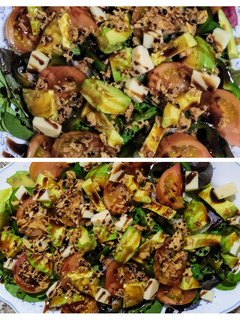 Una foto de Ensalada fresca de brotes tiernos, pimiento verde y aguacate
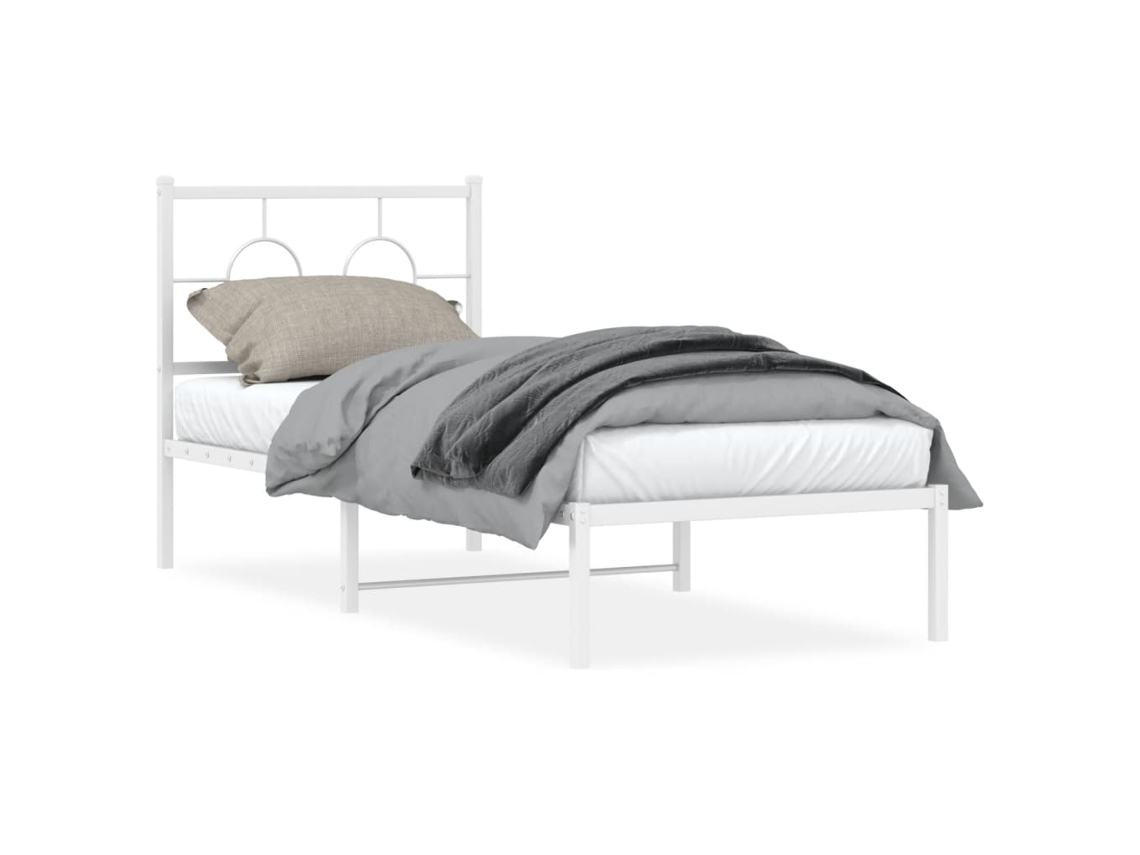 Estrutura de Cama Sem Colchão com Cabeceira Metal Branco MAISON EXCLUSIVE 75x190 cm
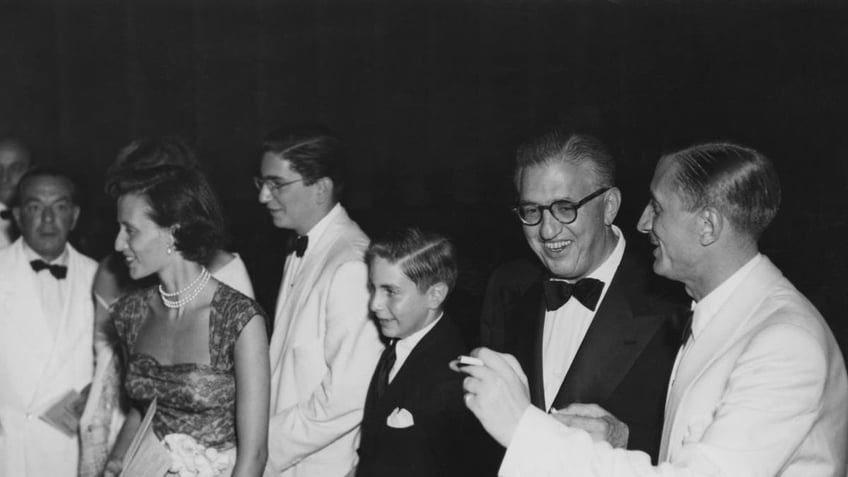 David O. Selzner at the Venice Film Festival with his sons Daniel and Jeffrey in 1949.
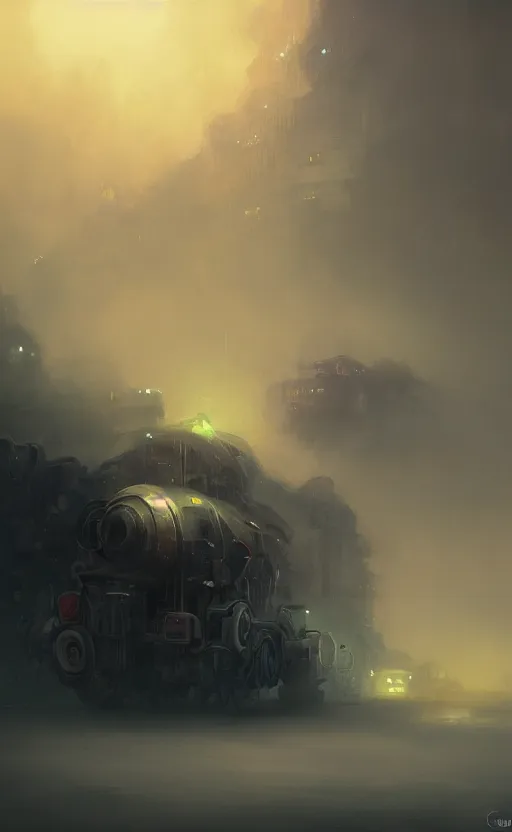 Prompt: a beautiful artwork illustration, concept art sketch of a mechanical vehicle, volumetric fog, godrays, high contrast, high contrast, high contrast, vibrant colors, vivid colors, high saturation, by Greg Rutkowski and Jesper Ejsing and Raymond Swanland, featured on artstation, wide angle, vertical orientation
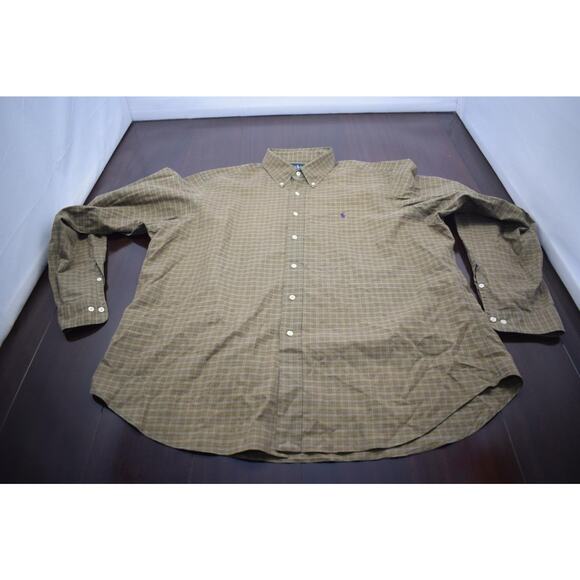 Polo Ralph Lauren Dress Shirt Classic Long Sleeve Plaid Mens Size 17.5 XL - Picture 5 of 8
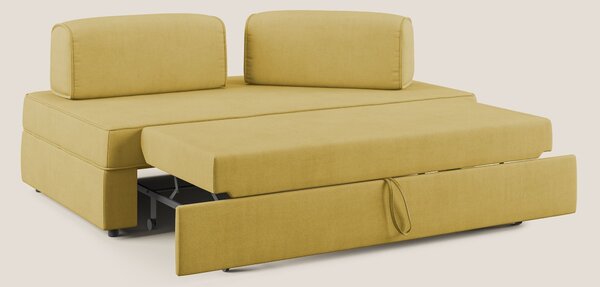 Liberty divano con pouf estraibile e schienali movibili in tessuto mor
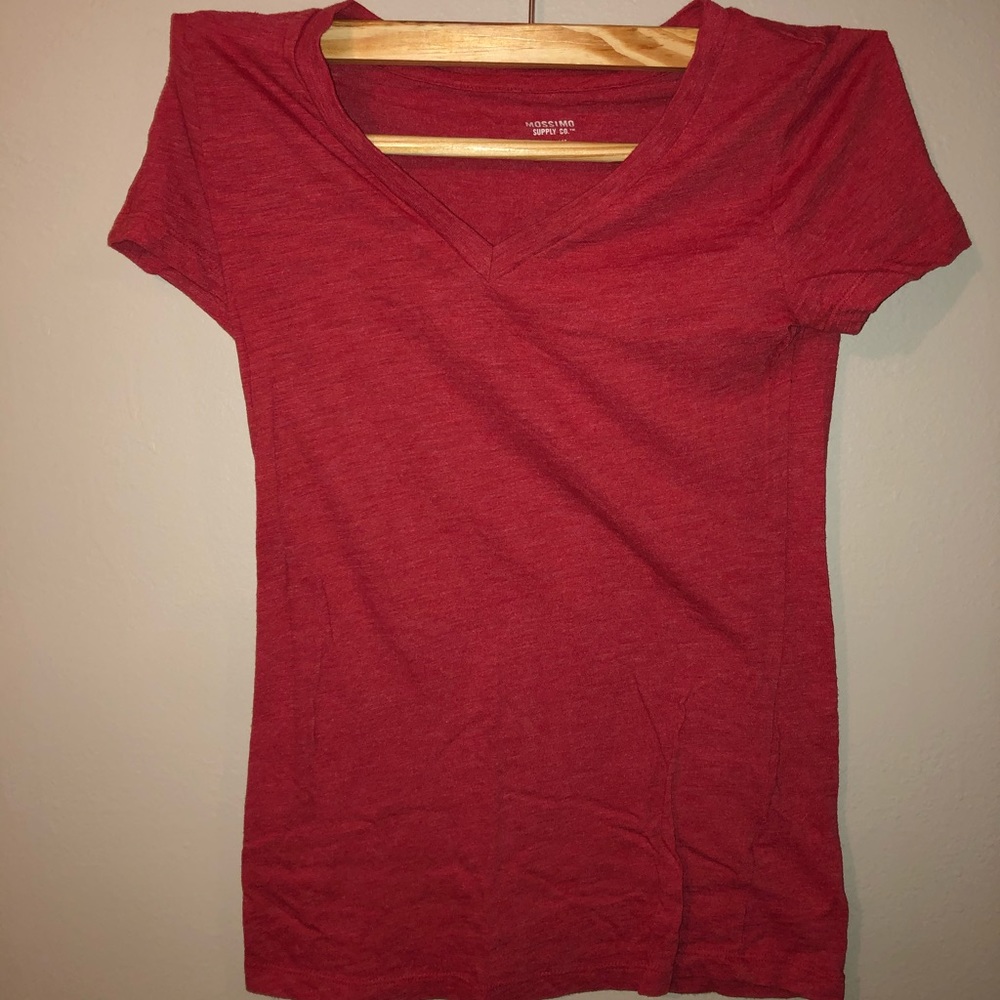 Red V-Neck Short Sleeve Tee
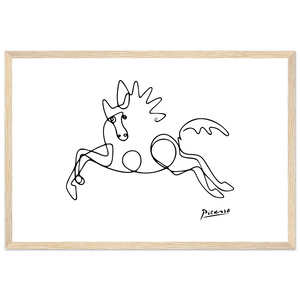 Pablo Picasso - Horse Line Art Poster - Matte / 12 x 18″ (30 x 45cm) / Wood - Poster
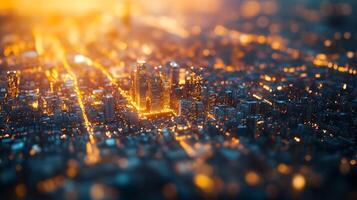 Captivating Aerial View of Illuminated Cityscape at Night with Sparkling Lights and Glowing Skylines photo
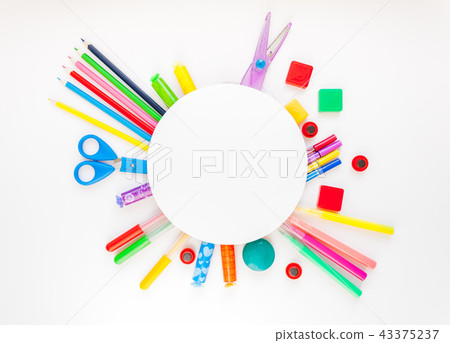 Round frame. Stationery on the white background. 43375237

Work request: Could you repeat exactly the lines from the first one of the records above through the line containing "David O. Selzner", leaving out any pictures?

Solution:
 Una foto de Ensalada fresca de brotes tiernos, pimiento verde y aguacate
 Estrutura de Cama Sem Colchão com Cabeceira Metal Branco MAISON EXCLUSIVE 75x190 cm
 David O. Selzner at the Venice Film Festival with his sons Daniel and Jeffrey in 1949.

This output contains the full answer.